= Đặng Đăng Phước =

Vietnamese human rights activist and music teacher

Đặng Đăng Phước (born 20 August 1963) is a Vietnamese human rights activist and music teacher. He became known for his online activism against corruption and for the protection of civil and political rights.

Phước served in the People's Army of Vietnam and was stationed in Laos for four years. After leaving the army, he became a music teacher at the Đắk Lắk College of Pedagogy. He lived in Buôn Ma Thuột, Đắk Lắk province with his wife, Lê Thị Hà, and has two sons.

In addition to his two Facebook pages, Phước also had a blog, Musical Library, which had 3.5 million views on its articles, which included his thoughts on music, education and politics.

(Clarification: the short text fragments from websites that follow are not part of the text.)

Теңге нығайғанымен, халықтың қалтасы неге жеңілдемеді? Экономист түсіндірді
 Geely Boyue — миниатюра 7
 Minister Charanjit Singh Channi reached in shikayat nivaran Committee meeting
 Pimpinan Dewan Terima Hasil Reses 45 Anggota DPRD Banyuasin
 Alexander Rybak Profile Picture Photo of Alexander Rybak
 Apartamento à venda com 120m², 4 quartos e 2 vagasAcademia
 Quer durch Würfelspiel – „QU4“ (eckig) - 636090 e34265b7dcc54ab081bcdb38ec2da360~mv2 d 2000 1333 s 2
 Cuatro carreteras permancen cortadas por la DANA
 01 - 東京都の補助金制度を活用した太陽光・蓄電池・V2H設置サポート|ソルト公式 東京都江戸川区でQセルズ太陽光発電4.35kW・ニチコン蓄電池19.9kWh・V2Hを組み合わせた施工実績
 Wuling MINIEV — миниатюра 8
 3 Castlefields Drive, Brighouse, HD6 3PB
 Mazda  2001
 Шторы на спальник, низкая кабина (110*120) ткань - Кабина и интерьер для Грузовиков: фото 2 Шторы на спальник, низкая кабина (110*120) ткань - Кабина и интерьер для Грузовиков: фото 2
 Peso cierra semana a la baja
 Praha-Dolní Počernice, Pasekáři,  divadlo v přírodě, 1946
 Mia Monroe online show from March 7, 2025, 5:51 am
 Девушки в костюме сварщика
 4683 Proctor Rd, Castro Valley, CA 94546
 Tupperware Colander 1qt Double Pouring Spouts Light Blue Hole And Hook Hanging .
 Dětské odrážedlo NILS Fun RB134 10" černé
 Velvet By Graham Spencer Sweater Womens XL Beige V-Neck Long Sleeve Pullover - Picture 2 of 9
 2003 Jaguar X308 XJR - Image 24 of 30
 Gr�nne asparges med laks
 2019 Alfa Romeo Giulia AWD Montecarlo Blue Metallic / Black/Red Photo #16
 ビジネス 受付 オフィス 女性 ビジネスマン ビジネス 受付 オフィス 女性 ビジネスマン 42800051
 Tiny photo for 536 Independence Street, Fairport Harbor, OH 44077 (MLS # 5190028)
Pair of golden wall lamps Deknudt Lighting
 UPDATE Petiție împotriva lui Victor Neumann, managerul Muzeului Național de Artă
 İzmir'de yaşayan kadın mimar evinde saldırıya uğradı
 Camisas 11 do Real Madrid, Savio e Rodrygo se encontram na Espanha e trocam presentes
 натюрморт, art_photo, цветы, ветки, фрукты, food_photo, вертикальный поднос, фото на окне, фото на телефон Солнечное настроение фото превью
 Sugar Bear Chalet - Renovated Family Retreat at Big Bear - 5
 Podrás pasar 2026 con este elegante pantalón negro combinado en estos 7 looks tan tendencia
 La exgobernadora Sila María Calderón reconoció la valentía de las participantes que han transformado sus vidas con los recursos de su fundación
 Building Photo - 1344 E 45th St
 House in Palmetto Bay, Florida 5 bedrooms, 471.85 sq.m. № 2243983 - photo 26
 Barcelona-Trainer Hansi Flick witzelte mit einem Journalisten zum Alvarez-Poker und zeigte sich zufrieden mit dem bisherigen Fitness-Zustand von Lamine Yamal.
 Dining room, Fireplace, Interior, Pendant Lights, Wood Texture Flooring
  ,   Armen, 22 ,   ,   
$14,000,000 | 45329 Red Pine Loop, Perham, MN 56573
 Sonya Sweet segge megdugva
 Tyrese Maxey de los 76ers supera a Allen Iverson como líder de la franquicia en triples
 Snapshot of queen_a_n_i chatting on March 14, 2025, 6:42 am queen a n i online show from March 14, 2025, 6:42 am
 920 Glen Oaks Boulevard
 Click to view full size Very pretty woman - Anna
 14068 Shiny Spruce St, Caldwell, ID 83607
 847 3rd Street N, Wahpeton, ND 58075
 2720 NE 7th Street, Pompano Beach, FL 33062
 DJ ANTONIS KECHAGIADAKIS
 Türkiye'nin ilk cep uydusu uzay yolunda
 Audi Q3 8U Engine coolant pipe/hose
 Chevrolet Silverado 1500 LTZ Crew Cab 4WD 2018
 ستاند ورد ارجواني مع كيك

Phước became an activist for the poor, as well as land rights activists and the Montagnard ethnic groups. He also campaigned against government corruption and advocated for freedom of speech, expression, association, assembly, and religion. He opposed the 2018 cybersecurity law and signed several pro-democracy petitions, including Petition 72 in January 2013, which called for constitutional changes to permit multiparty elections. He also signed the Declaration of Free Citizens in February 2013, which sought to abolish article 4 of the Vietnamese constitution, which gave the Communist Party a monopoly on power.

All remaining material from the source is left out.